The DICOM images were collected from the CT scan and a virtual model was reconstructed. The model was printed into a physical model by additive manufacturing. A 1.5 mm Titanium mesh was adapted onto the orbital floor after reduction of the fracture site on left side. The preformed titanium mesh which was shaped to duplicate the orbital anatomy by covering the defect of the orbital floor was placed carefully under the orbital contents. The titanium mesh is adapted on the model during the mock surgery as shown in (Figure 3). The appropriate size of the screws required was selected using this model and also placement of the screws was planned over it. The mesh was placed over the defect and fixed with titanium mini screws, 3 in number. On the infraorbital rim.. It was found to be advantageous to use the FDM model as the manipulation of the mesh was very minimal during surgery. This titanium mesh is used directly over the patient during the actual surgery.


Figure 3: Mock surgery on AM medical model.

Actual Surgery

The case was operated under general anesthesia. Under all aseptic conditions under nasotracheal intubation, 2% lignocaine with 1:80,000 adrenaline was injected in the infraorbital region. A subciliary incision was placed and blunt dissection was carried out to reach the fracture site in the infraorbital rim, the orbital contents were elevated carefully using a blunt instrument. Fracture was reduced and the pre-adapted and trimmed titanium mesh prepared during the mock surgery is directly placed towards the orbital floor and the contents of the orbit are released onto the mesh as shown in (Figure 4). Care is taken not to endanger any vital structures while placing the titanium mesh. Three 1.5 X 6mm screws were used to secure the mesh to the infraorbital rim. Closure is done in layers. The medical model saved surgical time of 40 minutes also minimizing the patient’s morbidity.


Figure 4: Actual surgery images.


Any signs of diplopia (double vision), enophthalmos greater than 2mm, extensive fracture of the floor of the orbit greater than 50% and progressive numbness in the region supplied by the second branch of trigeminal nerve indicate the requirement for correction of orbital floor fracture. Also an untreated orbital floor fracture may cause an occulocardiac reflex. Determination of the important anatomical structures or landmarks during the reconstruction of the orbital floor and medial wall of the orbit was very difficult before the advent of 3D models.

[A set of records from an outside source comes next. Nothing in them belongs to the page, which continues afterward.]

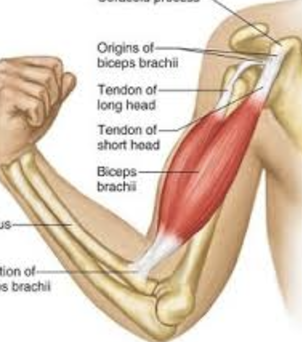 <ul><li><p>anterior arm</p></li><li><p>flexes elbow, supinates forearm</p></li></ul><p></p>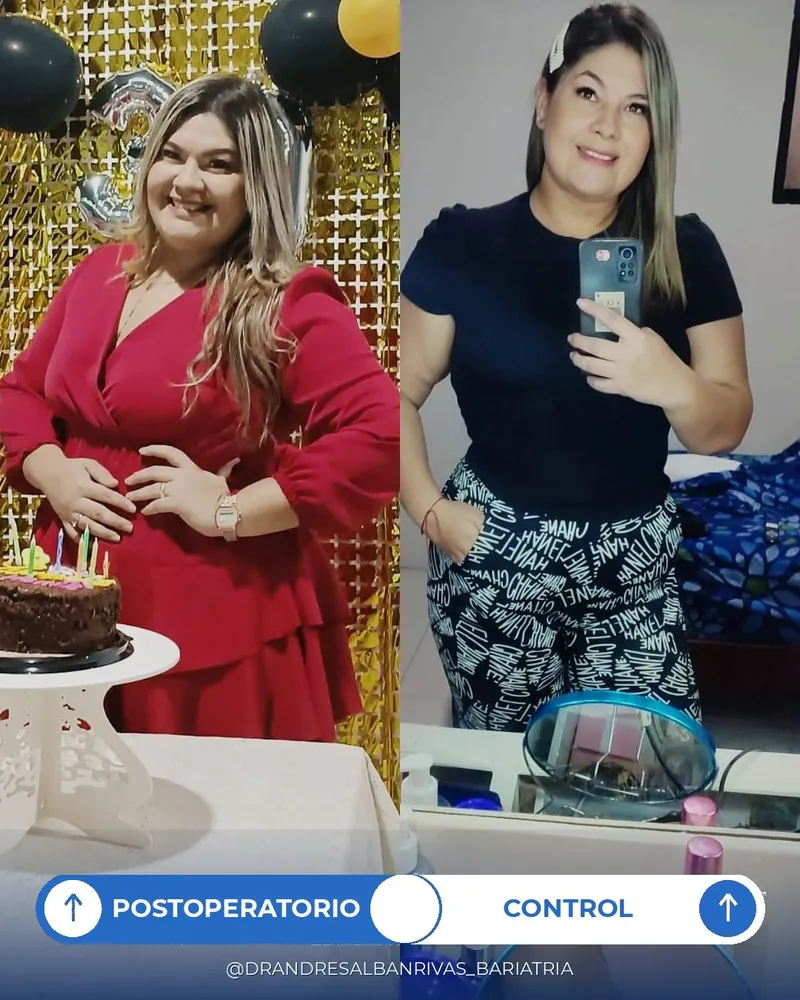 Antes y después de manga gástrica, paciente K. C.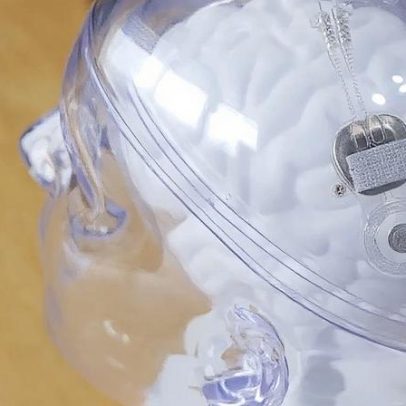 China autoriza uso comercial de implante cerebral para tetraplégicos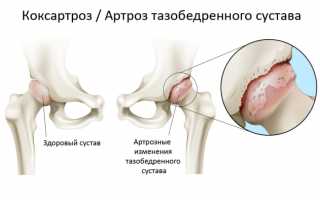 Коксартроз — лечение заболевания и прогноз на дальнейшую жизнь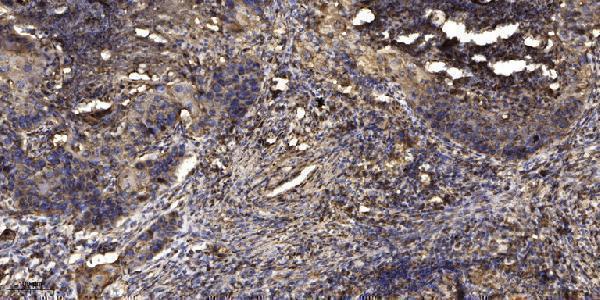 Immunohistochemical analysis of paraffin-embedded human Squamous cell carcinoma of lung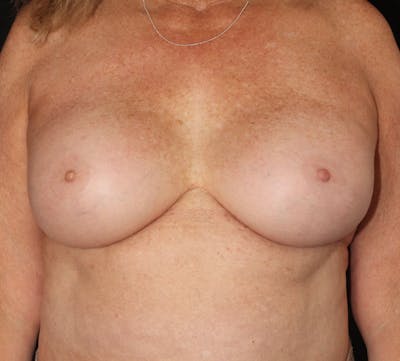 Breast Revision Before & After Gallery - Patient 138653 - Image 2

These models have given an extra hand to the surgeon in bypassing the need for adapting or shaping the mesh/plate intra-operatively, which would require multiple try-ins on the patient, thus increasing the risk of trauma to the important structures within the orbit. Pre-adapting the mesh/plate over 3D model would facilitate immediate placement of this mesh/plate with high precession and accuracy by reproducing the contours of the orbital walls without further corrections or manipulations and minimizing the risk of trauma to vital structures. In the current case, titanium orbital plate was placed almost immediately with minimal or no further manipulation and no revision surgery was necessary after evaluating implant position with the medical model.


Merging the use of additive manufacturing to the field of surgery has produced models which replicate patient’s bony anatomy, where the surgeon can perform pre-operative planning surgery on these models. Throughout the centuries, surgeons have been trying to make changes in the field of maxillofacial surgery in understanding complex anatomical details of the maxillofacial region for the benefit of patients. For the current case study, AM medical model of the patient is fabricated using easily available low cost FDM machine, which reduced the cost of preplanning medical model. The other advantage of the medical model is adapting or bending of mesh plate prior to the surgery. With the exact fit of the orbital mesh plate, surgery time is reduced by 40 minutes. The reduced surgery time improved the safety of the patient. The accuracy of the FDM model can be further improved using specific algorithms.


I would like to thank Science and Engineering Research Board (SERB, Department of Science and Technology (DST)) for financial support with a wide reference of: NO: DST/SERB/SB/S3/MMER/0037/2013.

Conflict of Interest

The authors report no conflict of interest.